# [Your objective]
The required output is the exact run of lines in the listing below from the line holding "Relaxing covered patio" through the line holding "an empty room", with no pictures.

# [Input material]
BEGIN
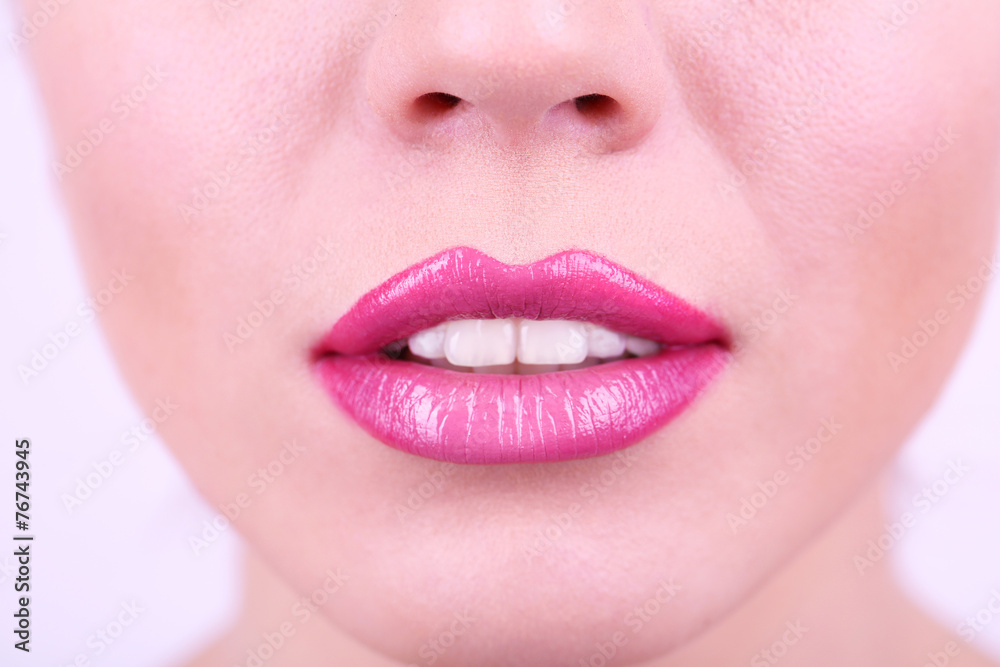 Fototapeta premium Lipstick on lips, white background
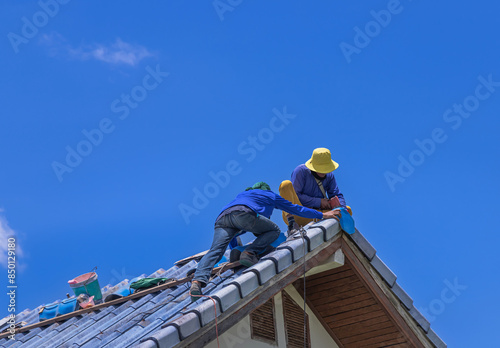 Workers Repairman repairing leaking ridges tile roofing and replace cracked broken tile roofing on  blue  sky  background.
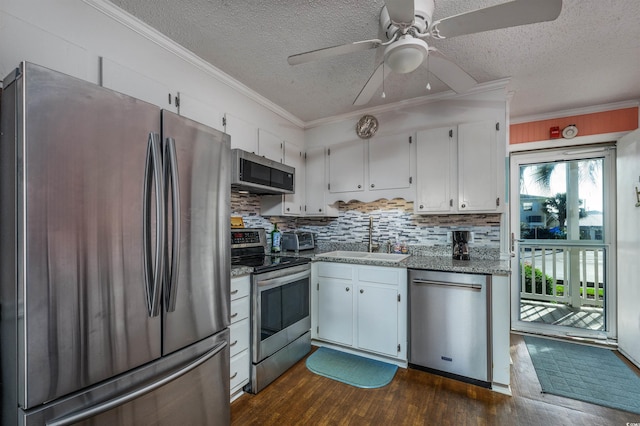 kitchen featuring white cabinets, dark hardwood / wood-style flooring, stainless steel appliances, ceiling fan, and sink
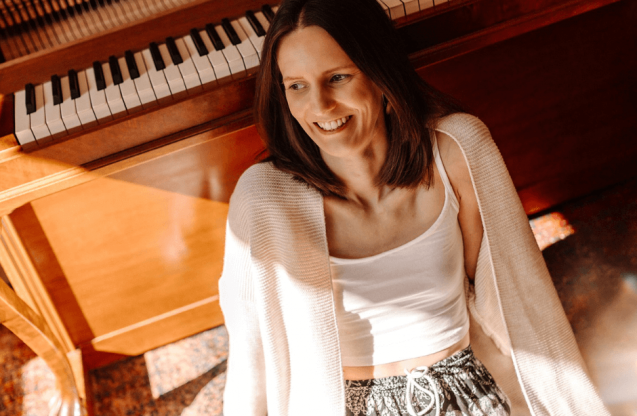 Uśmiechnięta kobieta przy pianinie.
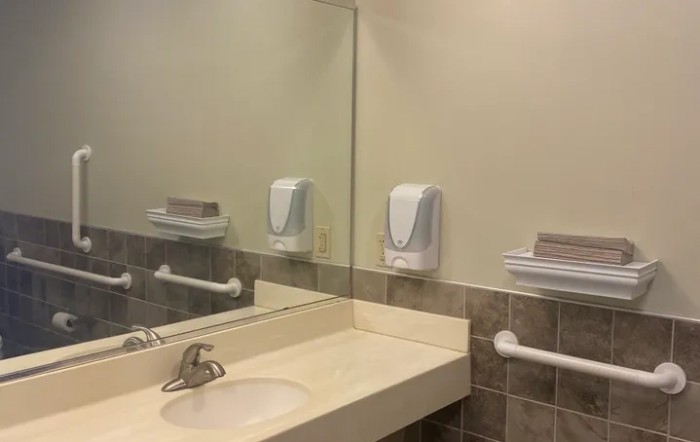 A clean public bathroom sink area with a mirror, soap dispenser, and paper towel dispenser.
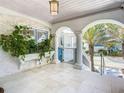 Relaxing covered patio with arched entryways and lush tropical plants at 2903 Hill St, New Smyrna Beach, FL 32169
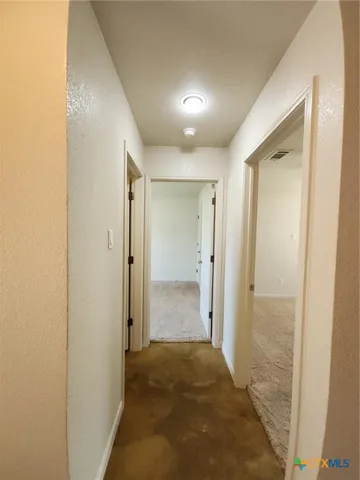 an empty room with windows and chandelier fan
END
BEGIN
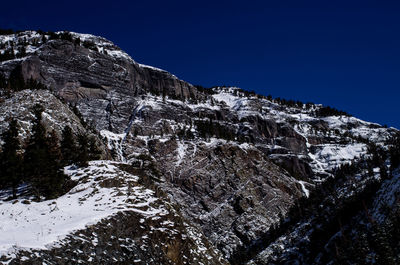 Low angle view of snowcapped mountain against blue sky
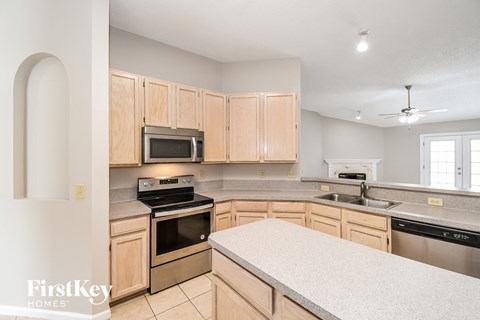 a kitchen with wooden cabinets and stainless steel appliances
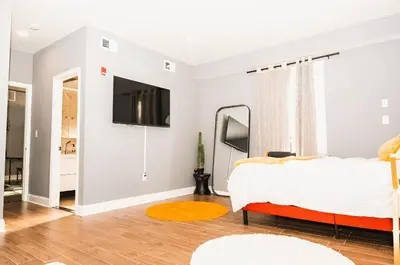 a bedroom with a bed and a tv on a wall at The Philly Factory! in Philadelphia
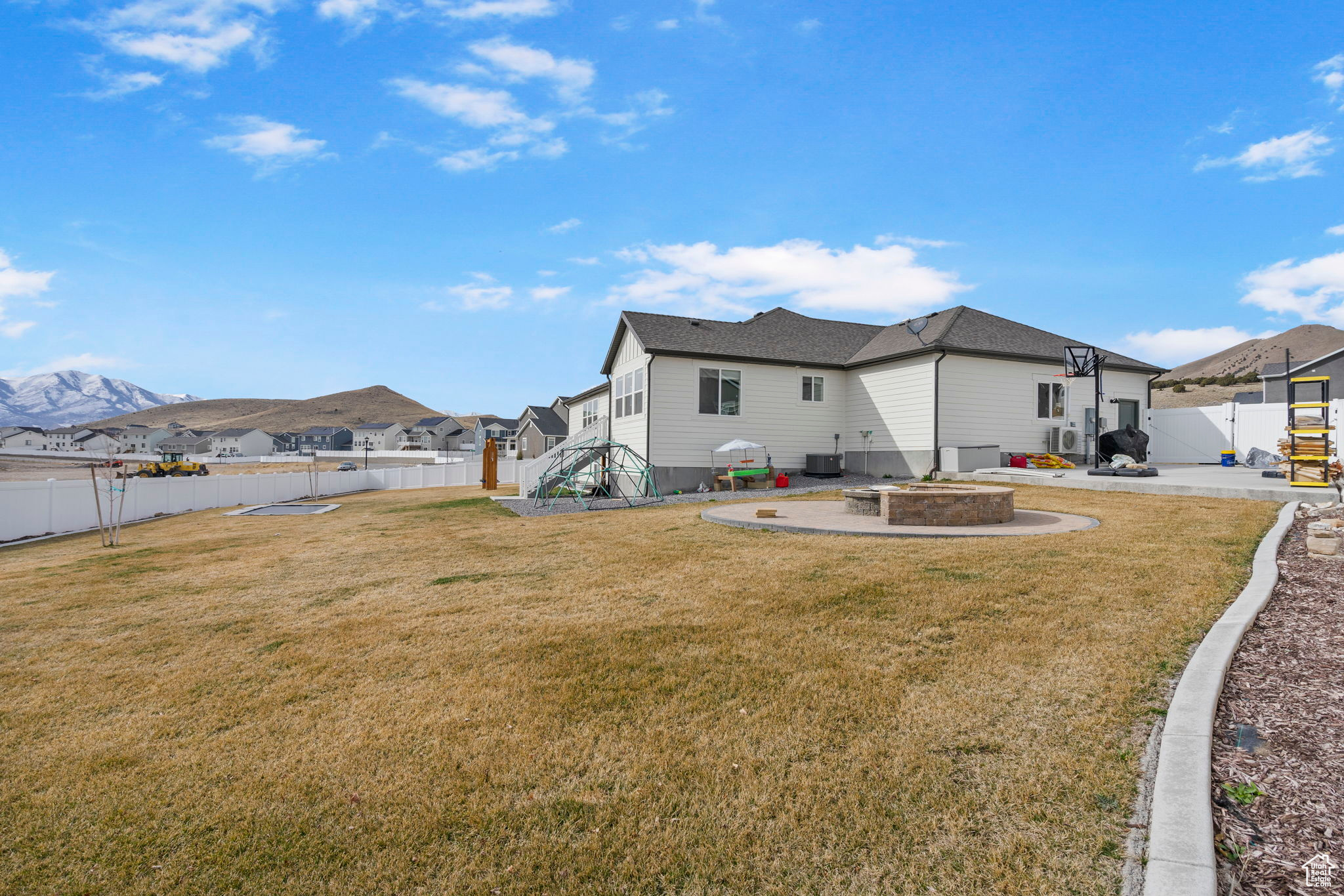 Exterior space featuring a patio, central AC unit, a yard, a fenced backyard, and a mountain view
END
# [Your solution]
 Relaxing covered patio with arched entryways and lush tropical plants at 2903 Hill St, New Smyrna Beach, FL 32169
 an empty room with windows and chandelier fan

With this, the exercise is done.